A firm of stockbrokers conducting a single business from which in a certain year they received income consisting of interest from customers on margin accounts, interest and dividends from securities held for sale in the course of business, gains from sales of securities to their customers in the course of business, and commissions on the execution of orders for customers, were not entitled under G. L. (Ter. Ed.) c. 62, Section 6 (c), in computing the income tax on such income to deduct the full amount of Federal and State income taxes paid by them in that year on like income for the previous year; the portion of the taxes paid attributable to such interest from customers and to such interest and dividends from securities was not deductible.
APPEALS from decisions by the Appellate Tax Board.
The cases were submitted on briefs.
R. T. Bushnell, Attorney General, & F. W. Fisher, Assistant Attorney General, for the Commissioner of Corporations and Taxation.
R. Bancroft & A. J. Santry, for the taxpayers.
RONAN, J. These are two appeals by the commissioner of corporations and taxation from decisions of the Appellate Tax Board granting partial abatements of income taxes assessed on income received by the appellees in the years 1938 and 1939 and reported in returns filed in 1939 and 1940.

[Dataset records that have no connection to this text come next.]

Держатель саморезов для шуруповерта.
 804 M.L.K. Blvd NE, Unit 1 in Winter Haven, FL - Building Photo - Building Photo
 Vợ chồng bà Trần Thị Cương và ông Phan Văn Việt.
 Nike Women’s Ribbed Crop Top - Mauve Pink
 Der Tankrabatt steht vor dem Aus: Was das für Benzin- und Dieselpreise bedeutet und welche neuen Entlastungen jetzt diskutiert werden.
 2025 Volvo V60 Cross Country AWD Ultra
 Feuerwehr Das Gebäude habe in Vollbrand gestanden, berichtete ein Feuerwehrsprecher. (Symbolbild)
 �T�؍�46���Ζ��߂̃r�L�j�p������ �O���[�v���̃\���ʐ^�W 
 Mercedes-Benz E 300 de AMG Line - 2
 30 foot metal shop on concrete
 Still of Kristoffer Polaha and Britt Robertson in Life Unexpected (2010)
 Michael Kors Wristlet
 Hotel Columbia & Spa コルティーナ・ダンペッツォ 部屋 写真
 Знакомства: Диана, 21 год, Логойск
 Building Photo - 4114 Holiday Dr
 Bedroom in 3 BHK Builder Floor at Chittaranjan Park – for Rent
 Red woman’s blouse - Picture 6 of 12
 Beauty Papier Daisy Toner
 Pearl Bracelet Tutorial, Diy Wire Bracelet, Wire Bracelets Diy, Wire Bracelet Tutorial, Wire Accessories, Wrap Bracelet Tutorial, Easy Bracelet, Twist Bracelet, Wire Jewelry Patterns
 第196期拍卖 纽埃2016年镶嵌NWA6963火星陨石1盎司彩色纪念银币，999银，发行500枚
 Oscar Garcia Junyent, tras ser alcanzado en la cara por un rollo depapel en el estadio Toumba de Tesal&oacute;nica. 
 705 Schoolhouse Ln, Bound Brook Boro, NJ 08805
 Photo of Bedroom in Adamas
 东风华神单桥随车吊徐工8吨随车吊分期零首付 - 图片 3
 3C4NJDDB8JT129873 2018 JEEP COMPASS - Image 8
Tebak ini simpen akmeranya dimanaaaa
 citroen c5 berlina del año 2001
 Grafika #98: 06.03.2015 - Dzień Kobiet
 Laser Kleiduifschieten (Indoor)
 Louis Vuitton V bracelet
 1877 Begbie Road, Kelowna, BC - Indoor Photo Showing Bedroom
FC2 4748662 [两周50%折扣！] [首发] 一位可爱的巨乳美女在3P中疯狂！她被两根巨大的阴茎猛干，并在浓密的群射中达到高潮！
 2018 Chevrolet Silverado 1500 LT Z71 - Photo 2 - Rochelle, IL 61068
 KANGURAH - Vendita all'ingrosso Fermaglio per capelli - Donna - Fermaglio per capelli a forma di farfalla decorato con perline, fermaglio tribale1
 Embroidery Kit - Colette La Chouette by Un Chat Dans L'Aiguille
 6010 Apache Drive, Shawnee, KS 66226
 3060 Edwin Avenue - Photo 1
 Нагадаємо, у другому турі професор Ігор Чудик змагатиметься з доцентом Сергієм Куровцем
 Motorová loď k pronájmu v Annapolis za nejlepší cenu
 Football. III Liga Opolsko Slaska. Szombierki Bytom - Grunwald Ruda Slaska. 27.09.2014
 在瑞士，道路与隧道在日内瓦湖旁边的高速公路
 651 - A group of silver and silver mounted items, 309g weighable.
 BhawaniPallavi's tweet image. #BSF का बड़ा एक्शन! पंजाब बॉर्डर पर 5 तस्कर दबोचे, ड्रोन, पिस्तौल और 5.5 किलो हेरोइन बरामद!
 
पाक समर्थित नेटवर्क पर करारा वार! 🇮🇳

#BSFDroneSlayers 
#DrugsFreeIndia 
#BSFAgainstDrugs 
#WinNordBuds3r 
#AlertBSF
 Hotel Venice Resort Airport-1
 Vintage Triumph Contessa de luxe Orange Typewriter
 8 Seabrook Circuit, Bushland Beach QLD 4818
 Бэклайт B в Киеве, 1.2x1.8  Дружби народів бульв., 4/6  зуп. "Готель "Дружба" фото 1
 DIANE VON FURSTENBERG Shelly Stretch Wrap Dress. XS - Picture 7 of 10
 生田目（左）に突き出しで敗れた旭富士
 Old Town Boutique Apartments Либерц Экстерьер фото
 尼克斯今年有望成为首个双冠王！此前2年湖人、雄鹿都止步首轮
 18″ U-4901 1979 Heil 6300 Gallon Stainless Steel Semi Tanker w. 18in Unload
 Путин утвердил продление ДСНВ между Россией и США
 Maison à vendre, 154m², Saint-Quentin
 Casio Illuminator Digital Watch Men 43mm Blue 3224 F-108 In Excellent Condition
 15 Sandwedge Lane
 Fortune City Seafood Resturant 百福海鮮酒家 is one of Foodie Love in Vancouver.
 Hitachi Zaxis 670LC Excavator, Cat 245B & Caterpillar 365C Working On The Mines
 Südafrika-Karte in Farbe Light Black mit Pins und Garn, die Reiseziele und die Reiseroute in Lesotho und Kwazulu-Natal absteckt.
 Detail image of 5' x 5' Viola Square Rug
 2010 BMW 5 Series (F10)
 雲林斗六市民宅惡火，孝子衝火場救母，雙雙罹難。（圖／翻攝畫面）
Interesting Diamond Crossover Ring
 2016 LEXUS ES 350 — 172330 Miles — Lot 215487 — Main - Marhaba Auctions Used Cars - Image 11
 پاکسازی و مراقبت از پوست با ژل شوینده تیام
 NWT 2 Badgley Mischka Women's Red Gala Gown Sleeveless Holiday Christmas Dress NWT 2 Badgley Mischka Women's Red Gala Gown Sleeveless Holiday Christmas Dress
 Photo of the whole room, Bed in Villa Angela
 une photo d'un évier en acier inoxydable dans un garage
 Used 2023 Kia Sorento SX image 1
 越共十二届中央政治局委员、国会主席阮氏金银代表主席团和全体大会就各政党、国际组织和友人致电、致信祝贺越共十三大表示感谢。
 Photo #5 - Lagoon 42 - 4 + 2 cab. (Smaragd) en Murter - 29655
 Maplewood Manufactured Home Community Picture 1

The taxpayers are the Massachusetts residents of a partnership engaged in the stock brokerage business in Boston. The firm during the two years in question had four sources of income: (1) interest from customers on their margin accounts; (2) interest and dividends on securities held for sale in the course of business; (3) gains from sales of securities
to its customers in the course of business; and (4) commissions on the execution of orders for customers. The appellees paid no income tax to the Commonwealth in 1938 but paid the Federal income tax, and in 1939 they paid both a State and a Federal income tax. They contend that they are entitled to deductions for the full amount of these taxes. The commissioner contends that the only deduction permissible is the portion of the taxes that was assessed upon gains from sales of securities and upon commissions, and that the appellees are not entitled to a deduction for the part of the taxes that was paid on interest received from margin customers and on interest and dividends received from securities held for sale. The appellees rely upon G. L. (Ter. Ed.) c. 62, Section 6 (c), which provides that "All taxes paid within the year to the United States or any other nation, or to any state, county, city, town or district, in respect of the profession, employment, trade or business, or the property held or used in connection therewith, but not including assessments for betterments," may be deducted. The income taxes, we are told by the taxpayers, were paid in respect to their business and therefore were deductible from the income received in the calendar year in which the taxes were paid.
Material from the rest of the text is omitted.